{-
  Max Sherman
  Section 05

  Things to do:
  1. Dynamic vs. Lexical Scope
  2. "do" notation and the IO monad
  3. Fixed point and the Y combinator
-}

{- Example #1
  (define x 1)
  (define (g) x)
  (define (f) (let ([x 3]) (g)))
  (f) ; does this print 1 or 3?
  ; Lexical scope:
  ;   The closure g has an environment where x maps to 1.
  ; Dynamic scope:
  ;   To figure out what x maps to when we try to look it up, we need to go up
  ;   g's "global stack of bindings", up to f, where we have the let binding,
  ;   finding that x maps to 3.

  Example #2
  (define evil
   (let ([x 2])
    (lambda (y)
     (let ([z 3])
      (set! x (+ 1 x))
      (set! z (+ 1 z))
      (+ x y z)))))

  (define ans (list (evil 1) (evil 1) (evil 1)))

  ; what is ans?


  Example #3 (like #2)
  (define x 100)
  (define (get-x) x)
  (define evil
   (let ([x 2])
    (lambda (y)
     (let ([z 3])
      (set! x (+ 1 x))
      (set! z (+ 1 z))
      (+ (get-x) y z)))))

  (define ans (list (evil 1) (evil 1) (evil 1)))

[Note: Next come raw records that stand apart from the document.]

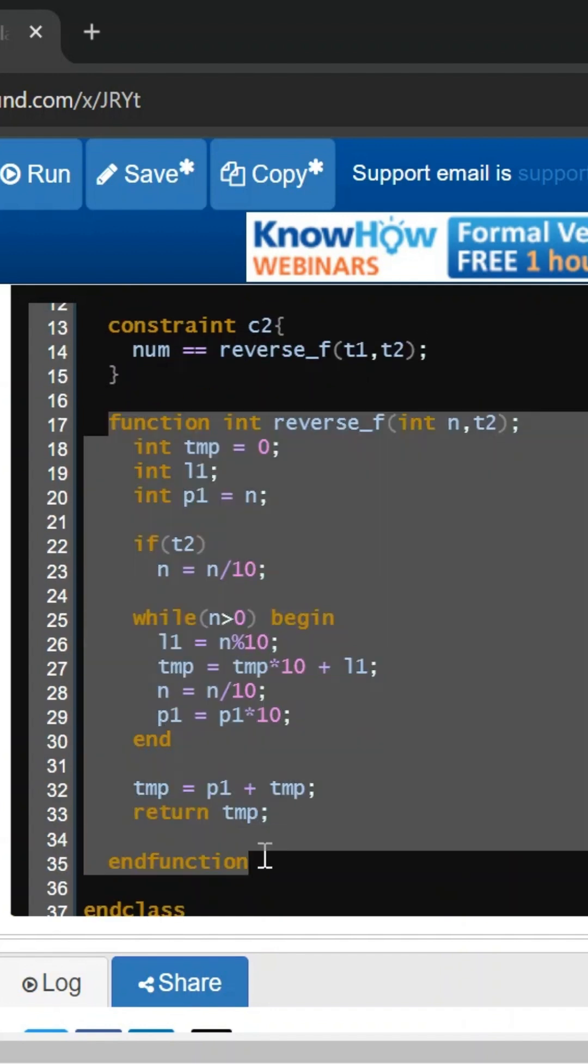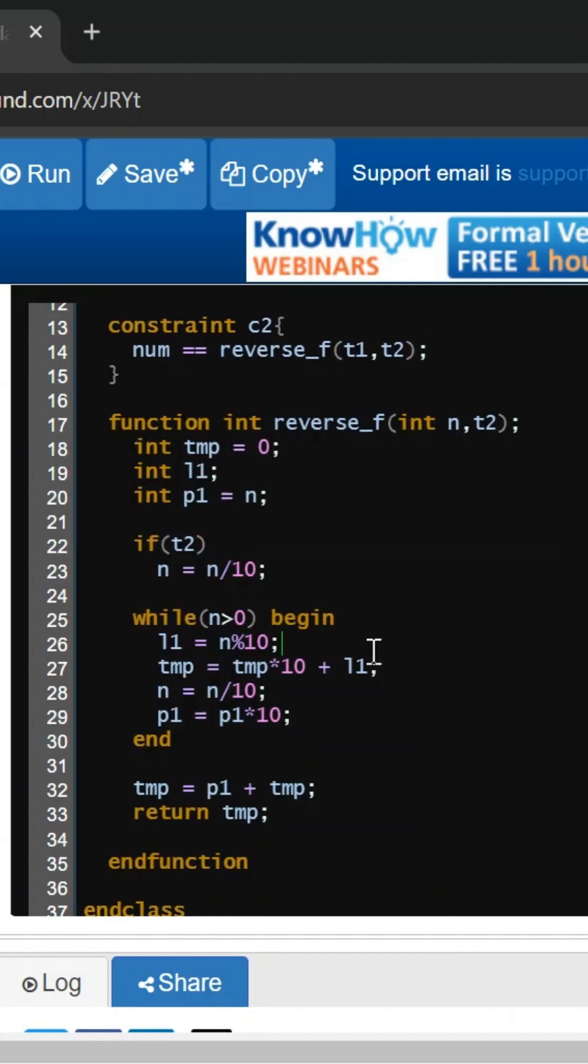This is our main logic. So what we will do, if I pass that number, it will reverse that number. And in the return type, it will give the passing number and the reverse number. It will club both and we will get the return.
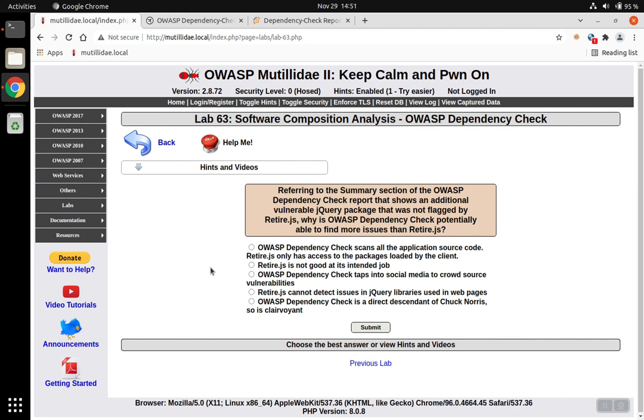But again, the reason that dependency check is able to find more issues is that it has more access. It can look at every single source code file, not just the client side that happens to be loaded in the browser at the moment. So we pick the first option. And that's the correct answer.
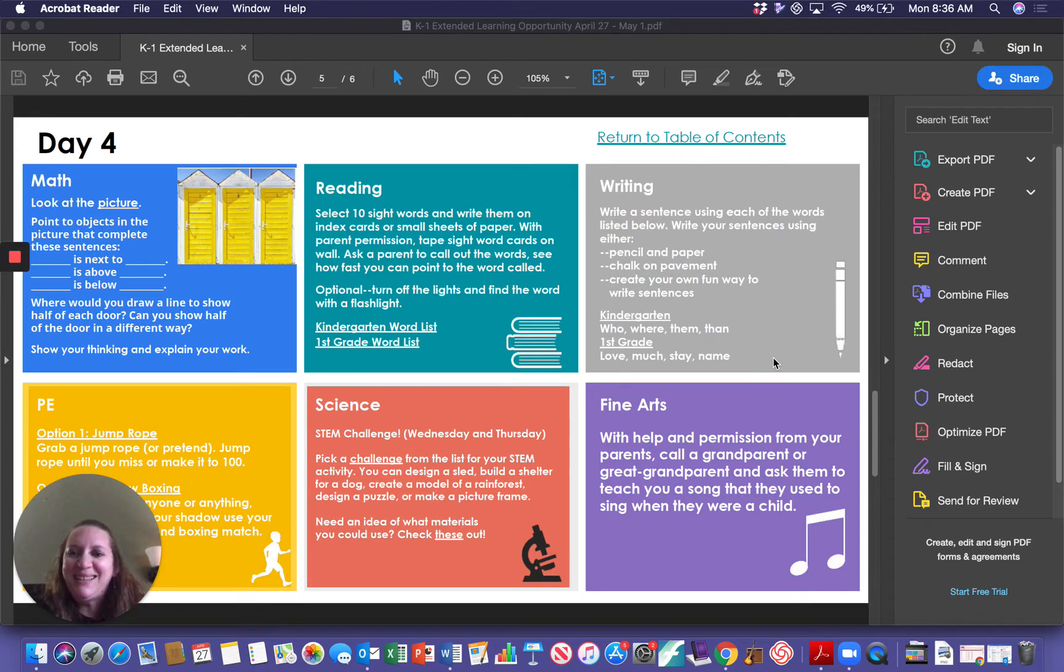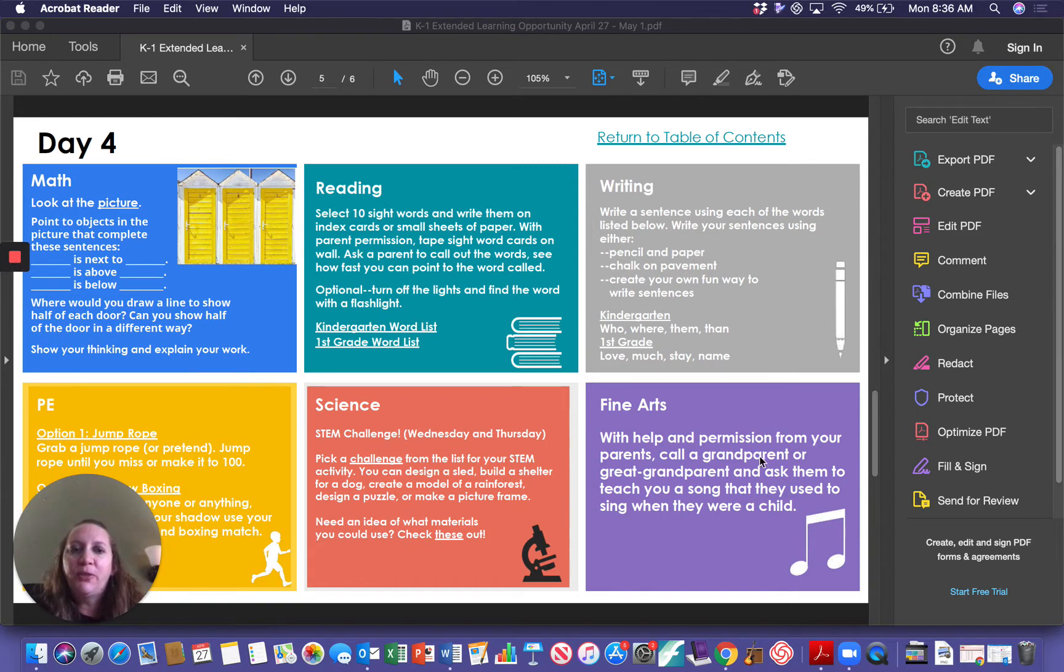Hi guys, it's Mrs. Tome. Today we're going to look at our assignment for fine arts for Thursday or day four of week six.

  ; what is ans if we use lexical scope?  What about dynamic scope?
-}

-- IO Monad
{- this is shorthand for the thing below
main = do putStrLn "i am"
          putStrLn "cool"
main = putStrLn "hi" >> putStrLn "swag"
-}

printsqrt2 = do
  putStr "the sqrt of 2 is "
  putStrLn (show (sqrt 2))

--desugared.
printsqrt2' = putStr "the sqrt of 2 is " >> putStrLn (show (sqrt 2))

calcsqrt = do
  x <- readLn
  putStrLn "calculating the sqrt of x"
  putStrLn (show (sqrt x))

--desugared.
calcsqrt' = readLn >>= \x -> putStrLn "calculating the sqrt of x" >> putStrLn (show (sqrt x))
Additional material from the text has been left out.